INSTRUCTIONS TO FOLLOW>
Would you output the lines from the one with "sea surrounded by cliff and mountain 4k" through the last line of the material below, exactly, but without pictures?

SOURCE DATA>
**********

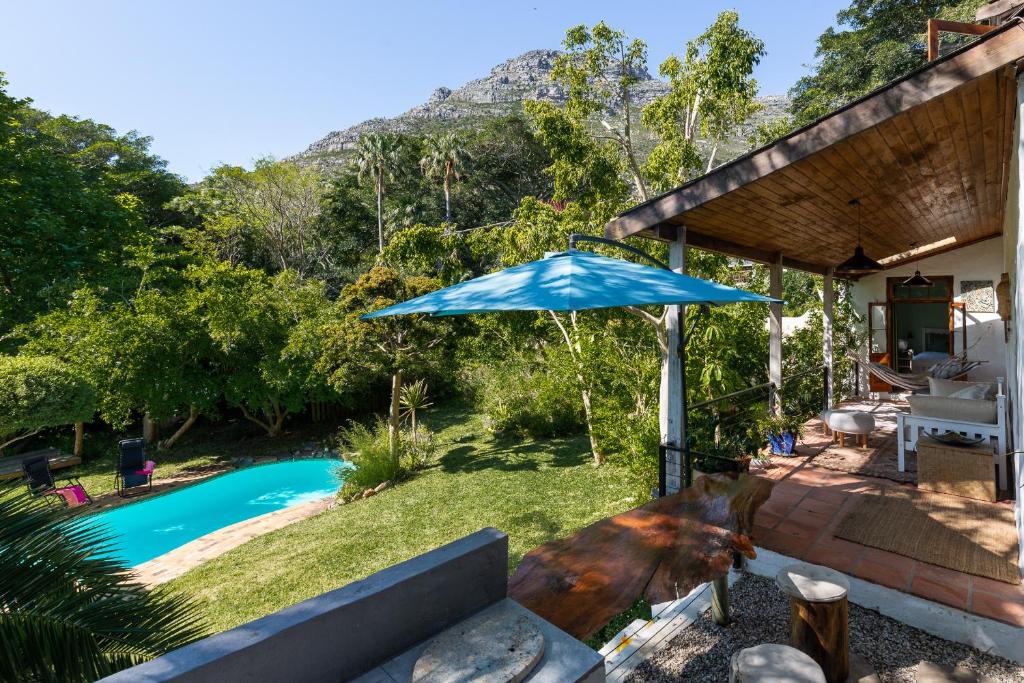 a patio with a blue umbrella next to a pool at ZenCapeTown Holiday House in Hout Bay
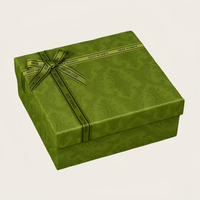Boîte de papier orange de luxe conception de ruban matériaux recyclés boîte-cadeau de Noël décorative vide pour l'emballage de vêtements gaufrage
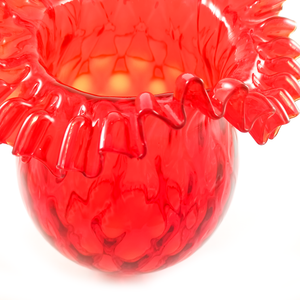 A close-up of a chip in the ruffled edge of a bright red glass lamp shade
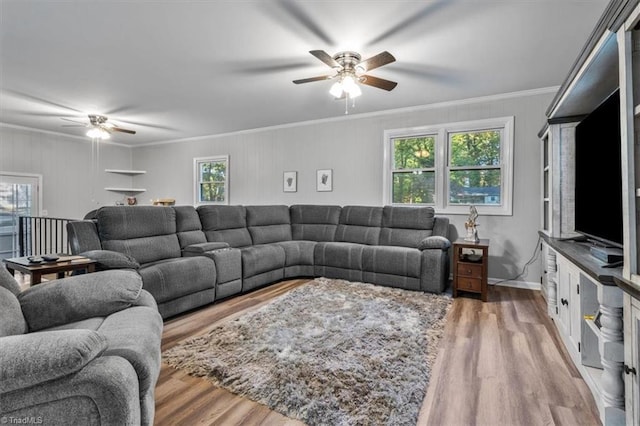 living room with ornamental molding, a healthy amount of sunlight, and hardwood / wood-style flooring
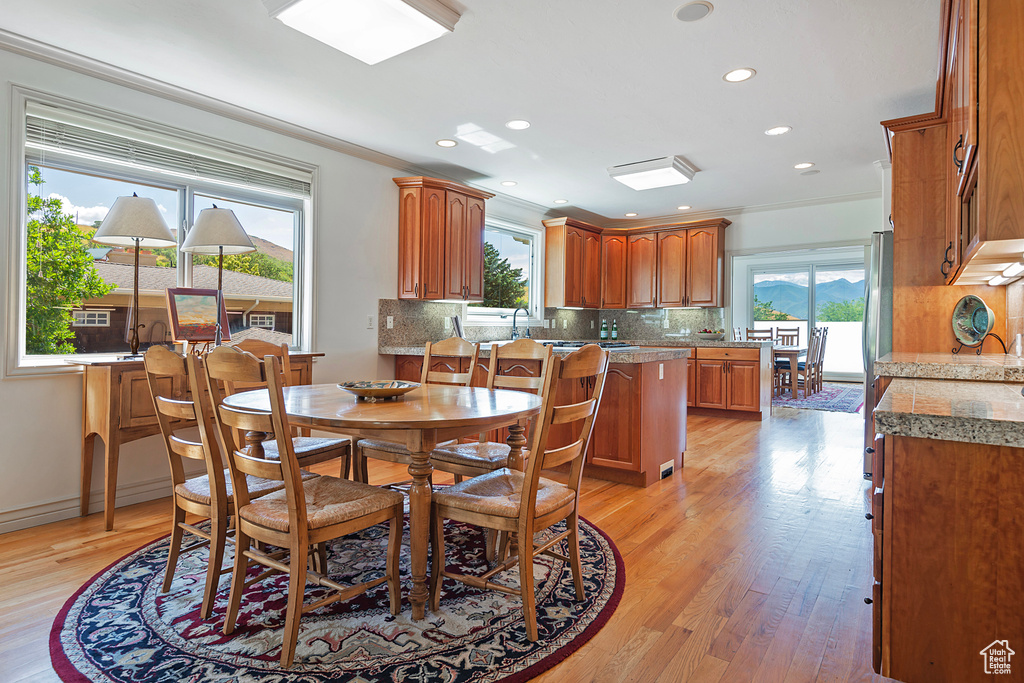 Dining space featuring ornamental molding and light wood-type flooring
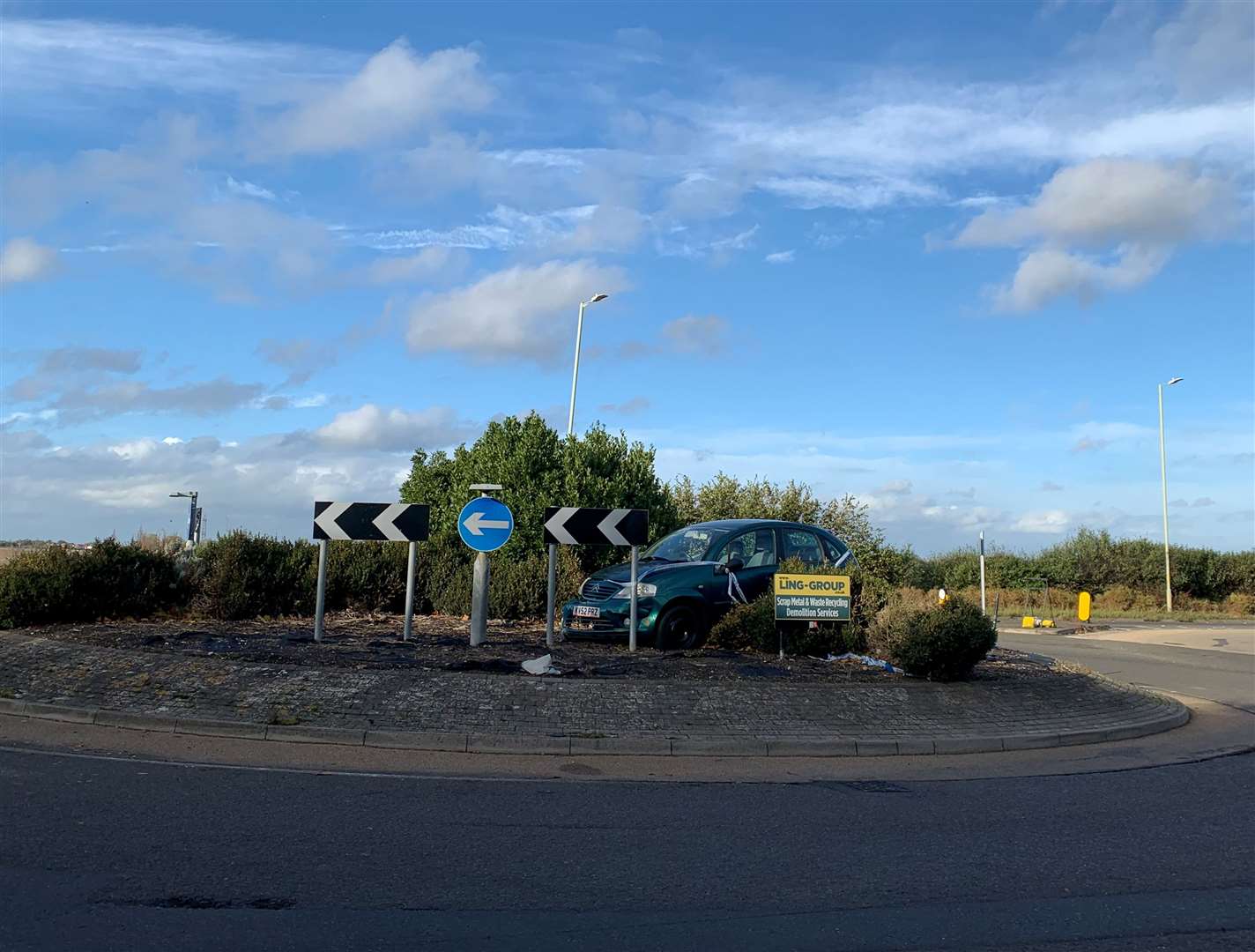 A car has been left on a roundabout in Canterbury for more than two weeks
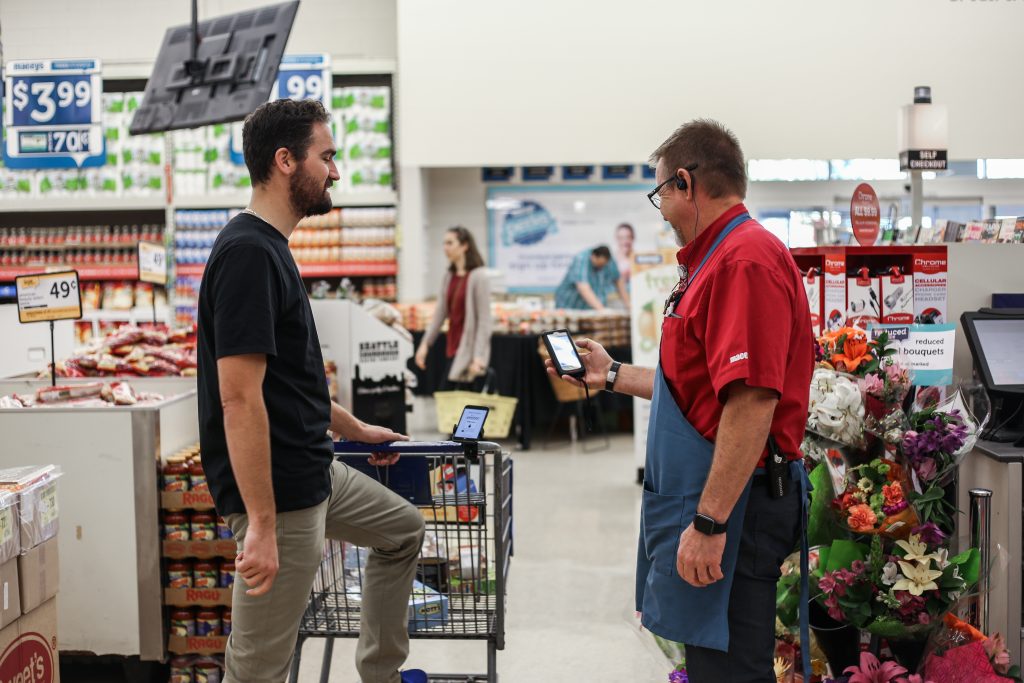A Macey's customer using Skip pauses for the 15-second checkout. (Photo by Skip)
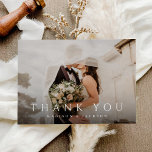 Budget Simple Elegant Modern Wedding Photo Thank You Card<br><div class="desc">This budget flat wedding thank you card features your full wedding photo,  with elegant type overlay. Customize your special wedding thank you on the back,  or remove it to leave the back blank for your handwritten message of thanks.</div>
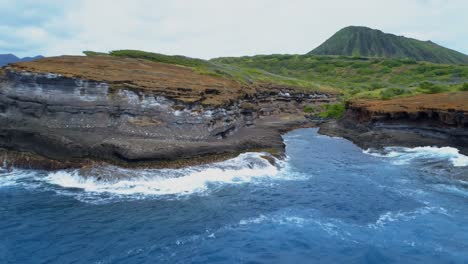 sea surrounded by cliff and mountain 4k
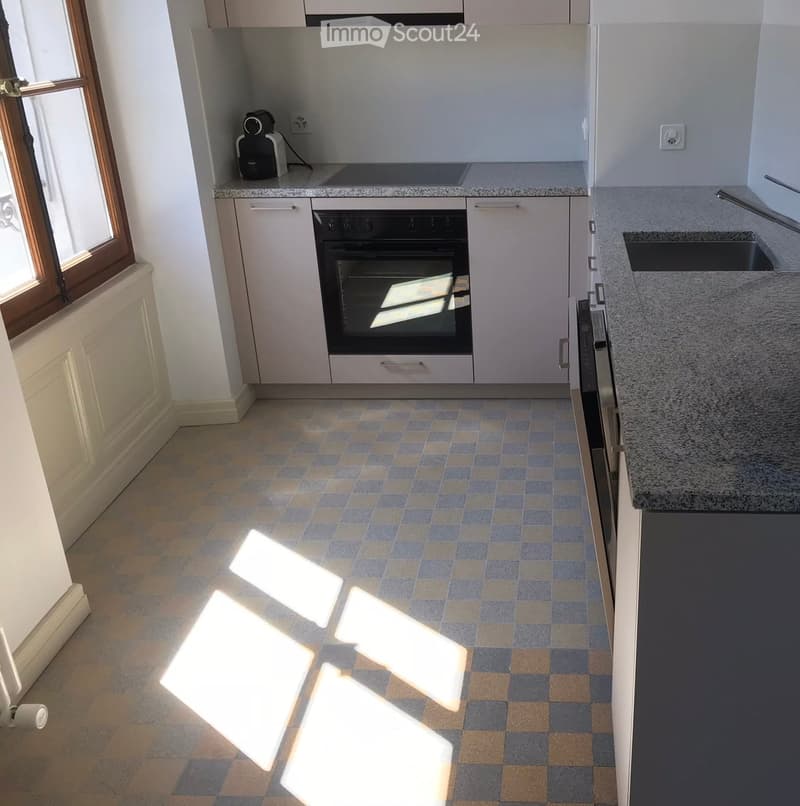 Modern kitchen with white cabinets, granite countertop, tiled floor, and built-in oven. Features a sink with a modern faucet and a coffee maker on the counter.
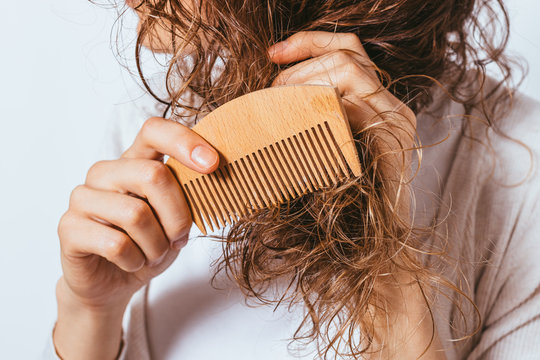 Young woman combing tangled ends of her curly hair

**********

TASK RESULT>
 sea surrounded by cliff and mountain 4k
 Modern kitchen with white cabinets, granite countertop, tiled floor, and built-in oven. Features a sink with a modern faucet and a coffee maker on the counter.
 Young woman combing tangled ends of her curly hair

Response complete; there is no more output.